DIRECTIONS: Whenever the string "Midi" appears in a line below, please copy the line out.

(Records from a data collection)
* * * *
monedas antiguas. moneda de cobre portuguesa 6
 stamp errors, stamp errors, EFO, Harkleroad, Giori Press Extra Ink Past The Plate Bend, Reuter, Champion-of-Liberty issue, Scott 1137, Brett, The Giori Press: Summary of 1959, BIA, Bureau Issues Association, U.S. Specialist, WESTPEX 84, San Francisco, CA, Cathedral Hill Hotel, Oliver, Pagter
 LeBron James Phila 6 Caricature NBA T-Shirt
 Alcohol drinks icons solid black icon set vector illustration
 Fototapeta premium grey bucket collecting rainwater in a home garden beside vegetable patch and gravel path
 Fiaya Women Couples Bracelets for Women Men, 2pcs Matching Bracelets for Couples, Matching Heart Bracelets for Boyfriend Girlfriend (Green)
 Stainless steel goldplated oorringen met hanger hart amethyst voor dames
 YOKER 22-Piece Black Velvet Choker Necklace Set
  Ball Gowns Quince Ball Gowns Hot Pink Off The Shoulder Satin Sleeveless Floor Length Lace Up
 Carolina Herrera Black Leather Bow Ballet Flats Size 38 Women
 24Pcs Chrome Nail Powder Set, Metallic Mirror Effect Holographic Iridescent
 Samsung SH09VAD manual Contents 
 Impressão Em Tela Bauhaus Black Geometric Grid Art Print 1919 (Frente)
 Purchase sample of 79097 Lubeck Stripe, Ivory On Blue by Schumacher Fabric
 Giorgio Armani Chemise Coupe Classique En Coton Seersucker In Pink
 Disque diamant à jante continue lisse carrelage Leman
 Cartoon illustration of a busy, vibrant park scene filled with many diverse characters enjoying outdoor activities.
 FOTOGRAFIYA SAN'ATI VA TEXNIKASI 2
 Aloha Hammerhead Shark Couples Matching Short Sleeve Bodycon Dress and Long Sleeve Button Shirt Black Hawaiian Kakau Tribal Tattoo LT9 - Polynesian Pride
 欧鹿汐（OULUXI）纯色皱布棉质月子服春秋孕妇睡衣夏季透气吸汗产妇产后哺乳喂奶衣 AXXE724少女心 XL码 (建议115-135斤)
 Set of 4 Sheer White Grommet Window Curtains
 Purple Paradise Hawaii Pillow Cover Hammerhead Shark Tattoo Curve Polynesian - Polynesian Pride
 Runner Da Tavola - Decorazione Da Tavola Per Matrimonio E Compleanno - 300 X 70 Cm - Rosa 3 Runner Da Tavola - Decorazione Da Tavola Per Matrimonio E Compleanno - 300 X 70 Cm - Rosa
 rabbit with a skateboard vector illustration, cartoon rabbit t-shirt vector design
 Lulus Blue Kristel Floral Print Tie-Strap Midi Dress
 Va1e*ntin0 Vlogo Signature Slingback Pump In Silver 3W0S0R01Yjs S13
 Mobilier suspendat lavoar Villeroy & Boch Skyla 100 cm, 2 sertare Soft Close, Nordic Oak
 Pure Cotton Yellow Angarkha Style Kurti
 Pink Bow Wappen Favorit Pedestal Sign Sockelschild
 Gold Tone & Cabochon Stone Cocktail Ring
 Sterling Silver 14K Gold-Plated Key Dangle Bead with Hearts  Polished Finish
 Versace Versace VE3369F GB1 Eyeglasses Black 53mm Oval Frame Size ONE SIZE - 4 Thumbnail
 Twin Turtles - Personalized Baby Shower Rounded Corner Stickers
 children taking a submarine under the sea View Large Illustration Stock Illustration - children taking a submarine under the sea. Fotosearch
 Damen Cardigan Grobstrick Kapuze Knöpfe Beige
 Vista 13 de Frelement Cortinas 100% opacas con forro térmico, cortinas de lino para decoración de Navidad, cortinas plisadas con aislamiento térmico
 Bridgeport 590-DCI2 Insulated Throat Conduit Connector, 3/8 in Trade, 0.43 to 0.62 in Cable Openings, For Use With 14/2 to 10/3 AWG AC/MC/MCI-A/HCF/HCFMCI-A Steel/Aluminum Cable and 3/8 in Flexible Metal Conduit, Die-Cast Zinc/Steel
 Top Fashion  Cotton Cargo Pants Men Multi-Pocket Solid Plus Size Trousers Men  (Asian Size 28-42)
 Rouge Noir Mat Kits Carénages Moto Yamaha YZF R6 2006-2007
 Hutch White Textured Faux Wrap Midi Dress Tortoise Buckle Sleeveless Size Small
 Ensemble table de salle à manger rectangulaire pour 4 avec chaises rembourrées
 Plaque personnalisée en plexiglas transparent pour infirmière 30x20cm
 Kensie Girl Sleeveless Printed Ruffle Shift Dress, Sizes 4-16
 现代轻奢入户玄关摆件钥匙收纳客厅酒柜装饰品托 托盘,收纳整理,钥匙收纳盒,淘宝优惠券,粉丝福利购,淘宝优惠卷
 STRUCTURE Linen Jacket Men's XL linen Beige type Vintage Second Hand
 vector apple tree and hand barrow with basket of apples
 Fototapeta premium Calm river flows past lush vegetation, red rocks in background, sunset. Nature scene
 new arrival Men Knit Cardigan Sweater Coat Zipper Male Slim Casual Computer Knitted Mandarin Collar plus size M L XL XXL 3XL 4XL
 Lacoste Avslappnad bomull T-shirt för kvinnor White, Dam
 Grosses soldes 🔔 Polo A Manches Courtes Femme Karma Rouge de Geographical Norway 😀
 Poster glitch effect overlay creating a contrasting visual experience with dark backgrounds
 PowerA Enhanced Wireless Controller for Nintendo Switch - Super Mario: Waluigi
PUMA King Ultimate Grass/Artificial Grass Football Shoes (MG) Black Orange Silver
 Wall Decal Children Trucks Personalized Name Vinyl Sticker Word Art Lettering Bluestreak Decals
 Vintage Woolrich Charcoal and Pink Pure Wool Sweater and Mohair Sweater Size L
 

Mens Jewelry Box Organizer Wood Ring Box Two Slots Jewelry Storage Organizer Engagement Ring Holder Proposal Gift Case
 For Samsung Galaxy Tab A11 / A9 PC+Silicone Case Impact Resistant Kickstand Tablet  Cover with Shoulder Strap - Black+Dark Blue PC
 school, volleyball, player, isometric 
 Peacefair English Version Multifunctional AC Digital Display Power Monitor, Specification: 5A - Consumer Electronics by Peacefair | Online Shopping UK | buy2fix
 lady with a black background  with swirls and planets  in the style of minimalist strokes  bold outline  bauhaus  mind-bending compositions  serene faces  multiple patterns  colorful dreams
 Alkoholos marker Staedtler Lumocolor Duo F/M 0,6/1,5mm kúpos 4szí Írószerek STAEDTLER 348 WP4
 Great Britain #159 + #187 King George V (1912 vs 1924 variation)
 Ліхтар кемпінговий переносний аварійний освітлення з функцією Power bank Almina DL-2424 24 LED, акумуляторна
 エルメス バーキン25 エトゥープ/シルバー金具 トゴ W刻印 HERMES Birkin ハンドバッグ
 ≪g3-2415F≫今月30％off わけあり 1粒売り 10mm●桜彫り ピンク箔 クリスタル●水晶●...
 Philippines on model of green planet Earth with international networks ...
* * * *
TASK RESULT:
 Lulus Blue Kristel Floral Print Tie-Strap Midi Dress
 Hutch White Textured Faux Wrap Midi Dress Tortoise Buckle Sleeveless Size Small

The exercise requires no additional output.